The document command
The document command can be used to associate text with a dataset. You can use the add document command to make additional notes as needed. These commands are very useful for keeping important information with the dataset, as opposed to writing the important information in a notebook that may get separated from the dataset.
document These data were collected via Survey Monkey at www.surveymonkey.com/s/z3bxppp. Questions 2 and 9 are problematic. Some response options from question 5 and question 7 should be replaced. These data were extracted using the advanced spreadsheet option.
The SPSS syntax files
Below are the SPSS syntax files that I wrote to prepare the data for analysis. Although these files have an .sps extension, they are simply text files. This means that you do not need SPSS to open the files; you can open them with any text editor, such NotePad or WordPad. If you look at each of these files, you will notice that when the data were extracted using “SPSS format”, the least amount of data cleaning was necessary. The other extraction methods required more steps to prepare the data for analysis. Furthermore, there are many differences between the different types of extraction in terms of what needed to be done to prepare the data for analysis.
Advanced spreadsheet
If you download the data using this method, most of the variables will be string variables and the values will be words associated with the options. You can access the SPSS syntax used to clean the data for the example questionnaire used in this workshop here. The original comma-separated values file is here.
Actual values
If you download the data using this method, most of the variables will be string variables and the values will be words associated with the options. You can access the SPSS syntax used to clean the data for the example questionnaire used in this workshop here. The original comma-separated values file is here.
Numerical values
If you download the data using this method, most of the variables will be numeric variables and the values will be numbers associated with the options. You will not know from the information in the dataset which value labels should be associated with each numeric value, but you can probably get that information from the questionnaire. You can access the SPSS syntax used to clean the data for the example questionnaire used in this workshop here. The original comma-separated values file is here.
SPSS format
If you download the data using this method, most of the variables will be numeric variables and the value labels will be correctly associated with the numeric values. Also, most of the variables will have variable labels. The amount of data cleaning needed should be much less than with the other possible methods of downloading the data. You can access the SPSS syntax used to clean the data for the example questionnaire used in this workshop here. The original SPSS data file is here.

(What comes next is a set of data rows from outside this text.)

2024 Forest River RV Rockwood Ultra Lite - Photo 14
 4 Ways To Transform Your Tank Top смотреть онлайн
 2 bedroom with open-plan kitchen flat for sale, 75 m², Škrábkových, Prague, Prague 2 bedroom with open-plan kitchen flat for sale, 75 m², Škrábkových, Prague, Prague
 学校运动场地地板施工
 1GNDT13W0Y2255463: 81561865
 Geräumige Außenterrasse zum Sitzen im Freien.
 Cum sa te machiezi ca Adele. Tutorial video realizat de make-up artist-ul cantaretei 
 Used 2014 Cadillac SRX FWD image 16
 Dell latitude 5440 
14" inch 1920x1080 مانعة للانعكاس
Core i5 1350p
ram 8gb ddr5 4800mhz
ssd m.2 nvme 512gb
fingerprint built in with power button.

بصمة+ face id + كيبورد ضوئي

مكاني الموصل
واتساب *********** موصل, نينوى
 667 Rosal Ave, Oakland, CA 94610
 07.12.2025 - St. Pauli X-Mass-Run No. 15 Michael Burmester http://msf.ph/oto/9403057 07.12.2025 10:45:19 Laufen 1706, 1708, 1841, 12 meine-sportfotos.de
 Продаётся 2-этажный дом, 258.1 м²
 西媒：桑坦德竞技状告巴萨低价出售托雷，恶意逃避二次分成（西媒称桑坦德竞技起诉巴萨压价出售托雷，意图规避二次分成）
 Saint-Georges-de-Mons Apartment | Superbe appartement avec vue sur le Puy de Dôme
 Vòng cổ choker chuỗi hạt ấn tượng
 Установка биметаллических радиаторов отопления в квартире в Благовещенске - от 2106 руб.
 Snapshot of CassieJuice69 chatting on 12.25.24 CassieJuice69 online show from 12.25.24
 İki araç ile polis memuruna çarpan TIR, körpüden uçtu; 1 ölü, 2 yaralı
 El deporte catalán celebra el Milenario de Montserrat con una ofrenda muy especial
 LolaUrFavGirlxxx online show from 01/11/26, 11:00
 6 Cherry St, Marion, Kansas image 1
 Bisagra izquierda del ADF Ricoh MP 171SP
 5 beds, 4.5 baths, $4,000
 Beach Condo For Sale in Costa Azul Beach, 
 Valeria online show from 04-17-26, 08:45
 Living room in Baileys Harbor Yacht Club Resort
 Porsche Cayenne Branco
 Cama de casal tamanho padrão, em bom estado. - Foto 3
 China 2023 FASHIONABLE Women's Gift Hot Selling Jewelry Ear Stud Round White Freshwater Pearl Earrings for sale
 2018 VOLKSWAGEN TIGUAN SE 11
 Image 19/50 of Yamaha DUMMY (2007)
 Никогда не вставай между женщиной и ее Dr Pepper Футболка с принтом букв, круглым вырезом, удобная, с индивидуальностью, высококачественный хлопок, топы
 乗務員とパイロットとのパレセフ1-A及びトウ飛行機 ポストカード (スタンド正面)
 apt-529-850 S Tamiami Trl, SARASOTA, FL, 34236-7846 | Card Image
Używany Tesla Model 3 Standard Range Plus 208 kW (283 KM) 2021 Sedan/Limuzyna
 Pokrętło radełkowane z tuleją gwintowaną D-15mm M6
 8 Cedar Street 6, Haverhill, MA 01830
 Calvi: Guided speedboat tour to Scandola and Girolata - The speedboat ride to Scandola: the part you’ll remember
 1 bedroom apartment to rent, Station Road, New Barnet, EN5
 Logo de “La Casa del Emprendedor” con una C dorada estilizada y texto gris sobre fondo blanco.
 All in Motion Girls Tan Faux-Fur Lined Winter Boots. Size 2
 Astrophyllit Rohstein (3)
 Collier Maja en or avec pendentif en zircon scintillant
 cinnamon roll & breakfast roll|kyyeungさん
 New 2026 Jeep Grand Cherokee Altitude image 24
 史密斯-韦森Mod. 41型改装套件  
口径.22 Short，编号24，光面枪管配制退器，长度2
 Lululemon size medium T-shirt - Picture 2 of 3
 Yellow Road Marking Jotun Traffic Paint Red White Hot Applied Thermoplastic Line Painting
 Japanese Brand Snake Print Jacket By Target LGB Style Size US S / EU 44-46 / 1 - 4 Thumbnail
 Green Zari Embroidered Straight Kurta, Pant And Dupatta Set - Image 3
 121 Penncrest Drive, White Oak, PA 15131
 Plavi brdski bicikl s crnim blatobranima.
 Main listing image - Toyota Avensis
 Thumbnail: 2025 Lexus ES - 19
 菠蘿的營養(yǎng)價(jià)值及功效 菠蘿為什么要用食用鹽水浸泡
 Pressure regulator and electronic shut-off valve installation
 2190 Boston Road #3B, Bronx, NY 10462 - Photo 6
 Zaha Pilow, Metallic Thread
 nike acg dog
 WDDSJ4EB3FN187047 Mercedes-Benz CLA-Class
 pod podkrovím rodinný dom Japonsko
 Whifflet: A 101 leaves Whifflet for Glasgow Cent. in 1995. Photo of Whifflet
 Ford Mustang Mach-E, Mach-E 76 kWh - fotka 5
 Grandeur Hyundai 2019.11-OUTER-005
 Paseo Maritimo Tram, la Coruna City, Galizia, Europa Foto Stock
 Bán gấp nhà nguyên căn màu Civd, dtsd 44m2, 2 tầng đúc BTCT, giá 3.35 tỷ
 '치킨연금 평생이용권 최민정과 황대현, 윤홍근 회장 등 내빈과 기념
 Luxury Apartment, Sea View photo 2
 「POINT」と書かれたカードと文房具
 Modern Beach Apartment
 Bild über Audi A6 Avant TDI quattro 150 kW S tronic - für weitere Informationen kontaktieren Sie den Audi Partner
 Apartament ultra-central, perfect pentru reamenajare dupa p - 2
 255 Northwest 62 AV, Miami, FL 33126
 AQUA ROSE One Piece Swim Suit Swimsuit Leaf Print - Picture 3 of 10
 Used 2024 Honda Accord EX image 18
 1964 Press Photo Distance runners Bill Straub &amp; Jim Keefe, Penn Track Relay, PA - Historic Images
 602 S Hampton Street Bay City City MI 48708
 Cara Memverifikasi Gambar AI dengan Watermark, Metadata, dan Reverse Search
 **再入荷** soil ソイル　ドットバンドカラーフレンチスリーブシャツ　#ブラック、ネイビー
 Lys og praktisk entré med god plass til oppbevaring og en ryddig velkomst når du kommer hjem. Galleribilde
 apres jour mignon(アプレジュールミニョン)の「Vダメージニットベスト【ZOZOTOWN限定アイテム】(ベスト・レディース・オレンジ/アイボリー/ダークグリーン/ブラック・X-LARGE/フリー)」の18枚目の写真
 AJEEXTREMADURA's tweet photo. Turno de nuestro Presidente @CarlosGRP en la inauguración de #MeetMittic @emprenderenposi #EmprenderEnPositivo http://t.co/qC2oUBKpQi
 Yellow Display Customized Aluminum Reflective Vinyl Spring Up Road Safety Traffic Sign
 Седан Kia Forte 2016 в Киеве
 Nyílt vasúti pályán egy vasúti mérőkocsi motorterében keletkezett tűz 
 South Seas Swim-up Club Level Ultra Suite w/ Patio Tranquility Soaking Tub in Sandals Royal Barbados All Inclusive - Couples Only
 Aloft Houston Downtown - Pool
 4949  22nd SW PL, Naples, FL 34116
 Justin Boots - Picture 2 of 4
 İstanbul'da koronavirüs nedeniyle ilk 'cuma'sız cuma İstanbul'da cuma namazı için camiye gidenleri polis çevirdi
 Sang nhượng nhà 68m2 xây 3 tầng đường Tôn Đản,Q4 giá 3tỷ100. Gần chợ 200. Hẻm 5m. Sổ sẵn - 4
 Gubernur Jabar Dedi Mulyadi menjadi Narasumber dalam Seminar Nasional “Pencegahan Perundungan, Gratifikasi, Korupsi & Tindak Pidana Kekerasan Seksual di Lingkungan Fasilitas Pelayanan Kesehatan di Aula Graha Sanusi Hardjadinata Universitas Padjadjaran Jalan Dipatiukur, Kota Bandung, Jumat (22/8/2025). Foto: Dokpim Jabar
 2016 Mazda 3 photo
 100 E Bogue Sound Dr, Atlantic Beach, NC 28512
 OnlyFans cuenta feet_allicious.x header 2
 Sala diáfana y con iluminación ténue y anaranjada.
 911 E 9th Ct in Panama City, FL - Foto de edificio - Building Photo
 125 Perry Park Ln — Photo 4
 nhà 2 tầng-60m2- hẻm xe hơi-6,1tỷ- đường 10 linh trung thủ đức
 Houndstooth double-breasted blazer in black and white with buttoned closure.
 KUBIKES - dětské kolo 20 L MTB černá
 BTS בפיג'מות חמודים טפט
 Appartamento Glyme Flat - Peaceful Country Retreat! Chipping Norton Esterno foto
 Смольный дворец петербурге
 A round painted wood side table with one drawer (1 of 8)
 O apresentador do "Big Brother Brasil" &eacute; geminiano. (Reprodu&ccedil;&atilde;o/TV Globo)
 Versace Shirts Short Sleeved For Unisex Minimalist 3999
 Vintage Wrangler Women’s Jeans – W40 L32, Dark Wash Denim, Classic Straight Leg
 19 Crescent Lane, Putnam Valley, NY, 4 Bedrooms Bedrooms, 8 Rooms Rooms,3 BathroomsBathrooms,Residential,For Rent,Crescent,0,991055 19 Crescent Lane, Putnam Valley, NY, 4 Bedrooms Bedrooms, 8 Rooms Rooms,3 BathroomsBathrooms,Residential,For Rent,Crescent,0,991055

Improvements that could (should!) be made to this questionnaire
Notice that there is a problem with the question about the year in school. It is a good thing that we caught this error in our pilot testing. Also, question 9 about when people study is difficult to analyze because we specified it as “choose all that apply”. While in theory we may want to know all of the times that people study, we need to consider how we are going to analyze that variable if we allow respondents to choose multiple responses. The point is that piloting your questionnaire is important for working out problems with items, but it also allows you to discover potential difficulties with analyses. Remember that you want to know how you are going to analyze data before you collect them.